Dieses Ergebnis vermag nur den zu überraschen, der niemals Bus fährt: Die Busse in der Hansestadt werden immer unpünktlicher. Nur noch 93,3 Prozent sind pünktlich, wobei Verzögerungen von weniger als fünf Minuten großzügig noch als „pünktlich“ gelten. Immer häufiger stehen Busse im Stau – und die Hamburger an den Haltestellen. Dieses Ergebnis ist so überraschend wie Straßenglätte im Winter, eine Niederlage des FC St. Pauli in Aue oder kreischende Fans bei Robbie Williams.
Die Hansestadt Hamburg setzt seit Jahrzehnten aufs falsche Pferd, genauer gesagt auf den Bus. Schon die Abschaffung der Straßenbahn, die bis 1978 durch die Hansestadt rollte, war ein schwerer Fehler – aber einer, der aus der Zeit heraus verstanden werden muss. Damals glaubte man an die autogerechte Stadt und damit an den Bus; die Straßenbahn nutzten nur Nostalgiker.
Klimaschutzgesetz auf dem Weg
Allerdings ist in den vergangenen 40 Jahren vieles passiert – und in den vergangenen 40 Wochen noch mehr. Intensiver, lauter und nachdrücklicher als je zuvor fordern viele Hamburger eine Klima- und Verkehrswende. Erst am Mittwoch hat der Senat ein neues Klimaschutzgesetz auf den Weg gebracht. Da ist es nur konsequent, auch den Verkehr neu zu denken und die Weichen anders zu stellen. Mit seiner Fixierung auf den Bus als Lösung jedenfalls ist Hamburg auf dem Holzweg.
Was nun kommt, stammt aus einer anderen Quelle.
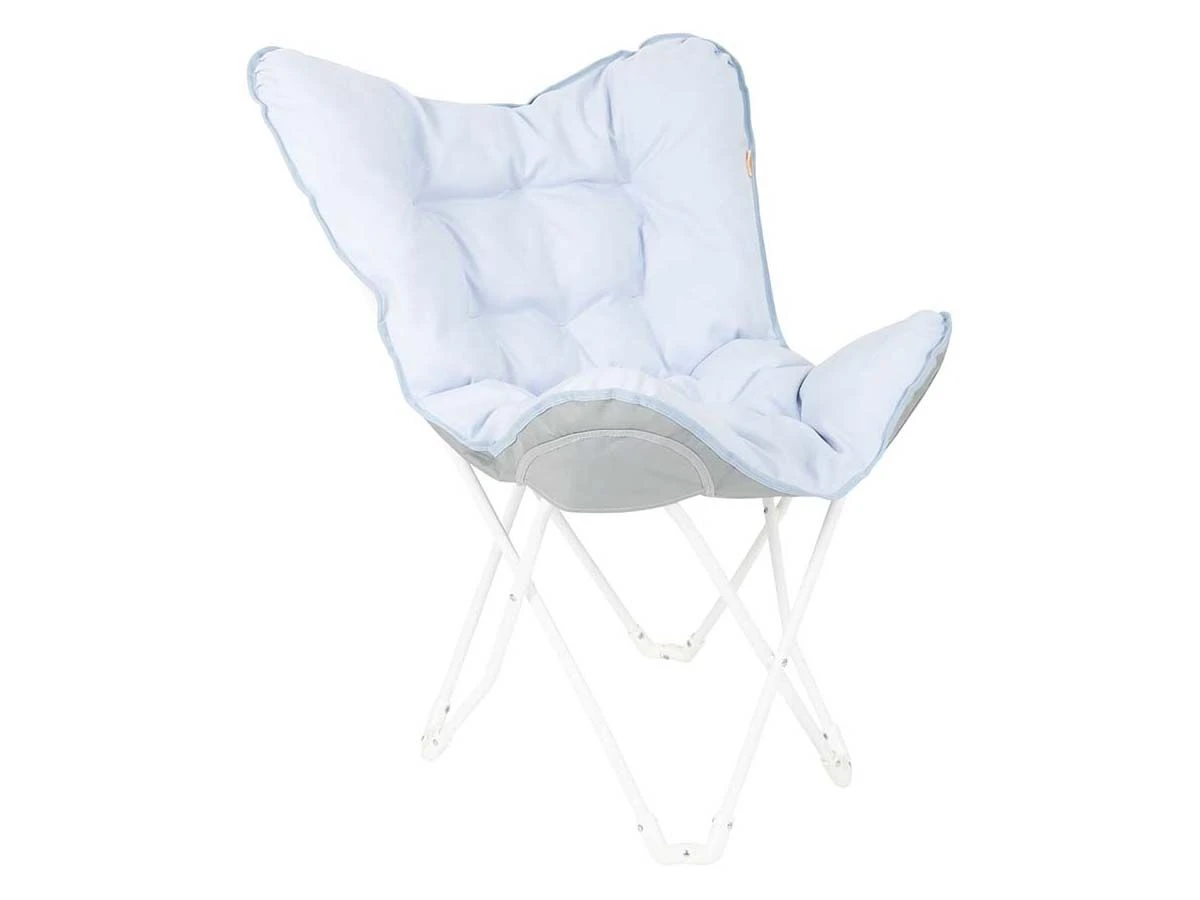 Bo-Camp Pastel Collection Murat Vlinderstoel - Blue 3 Bo-Camp Pastel Collection Murat Vlinderstoel - Blue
Wer die deutschen Metropolen vergleicht, findet unter den 15 größten Städten 14 mit einer Straßen- oder Stadtbahn; die erste Großstadt ohne Straßenbahn ist Wuppertal auf Platz 17; dort hat man die Schwebebahn. Auch wenn Hamburg über ein gutes U- und S-Bahn-Netz verfügt und hier zu Recht weiter investiert, fehlt ein System zwischen Schnellbahn und Bus. Natürlich wird niemand mit Verstand eine Stadtbahn bis in die Vier- und Marschlande bauen, weil Busse hier das klügere System bleiben. Aber genauso wenig sollte Hamburg sich weiterhin eine Metro-Buslinie wie die 5 leisten. Mitunter brüsten sich die Hamburger ja damit, hier die europaweit meistgenutzte Buslinie zu haben. Andersherum wird ein Schuh daraus: Keine Metropole käme auf so eine seltsame Idee, die hohe Verkehrsnachfrage mit Bussen zu bedienen.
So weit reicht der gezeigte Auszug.